TASK DESCRIPTION: Repeat everything in the listing exactly, except for the images.

SUPPLIED INFORMATION:

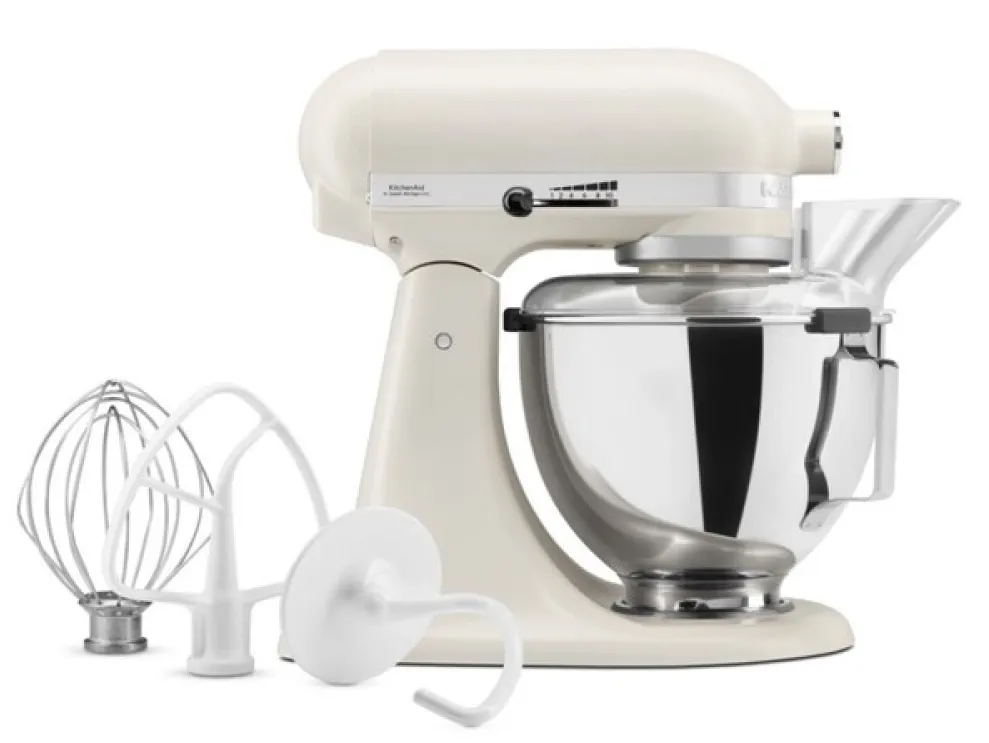 Детальное фото товара: KitchenAid 5KSM95PSEPL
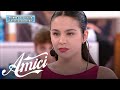 Amici 22 - Benedetta - Let's get loud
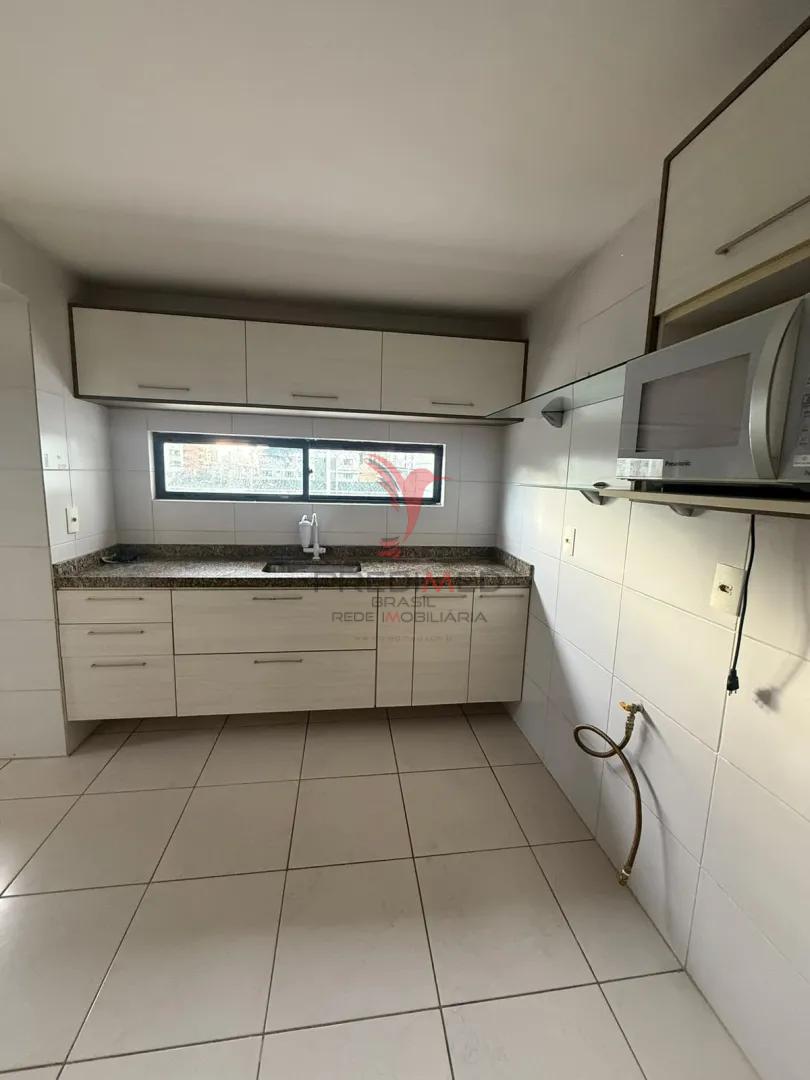 Apartamento loca&ccedil;&atilde;o no melhor bairro em Mana&iacute;ra Rua Franca Filho João Pessoa - 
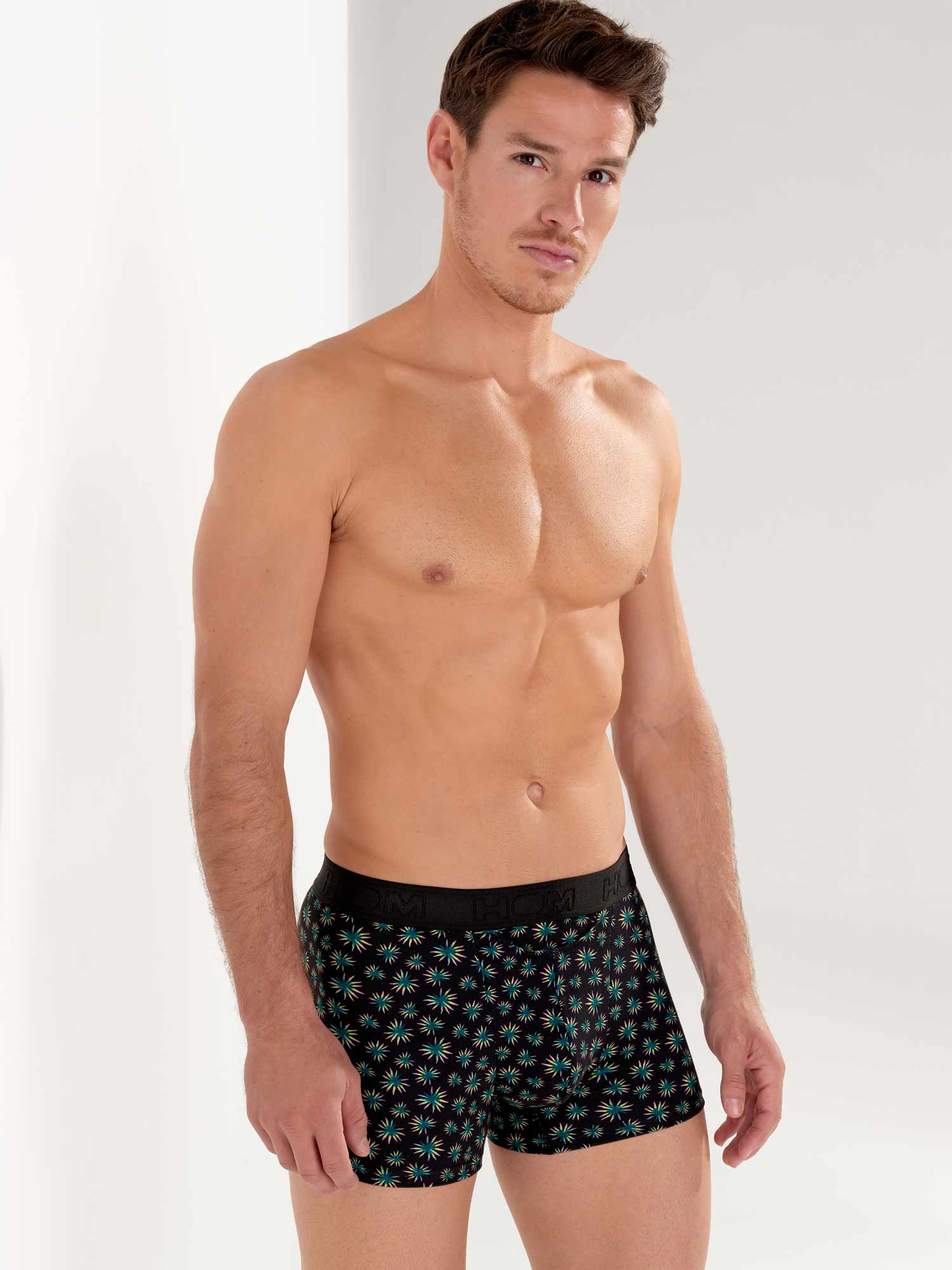 HOM - Boxer Briefs HO1 - Dizzy -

SOLUTION TO THIS EXERCISE:
 Детальное фото товара: KitchenAid 5KSM95PSEPL
 Amici 22 - Benedetta - Let's get loud
 Apartamento loca&ccedil;&atilde;o no melhor bairro em Mana&iacute;ra Rua Franca Filho João Pessoa - 
 HOM - Boxer Briefs HO1 - Dizzy -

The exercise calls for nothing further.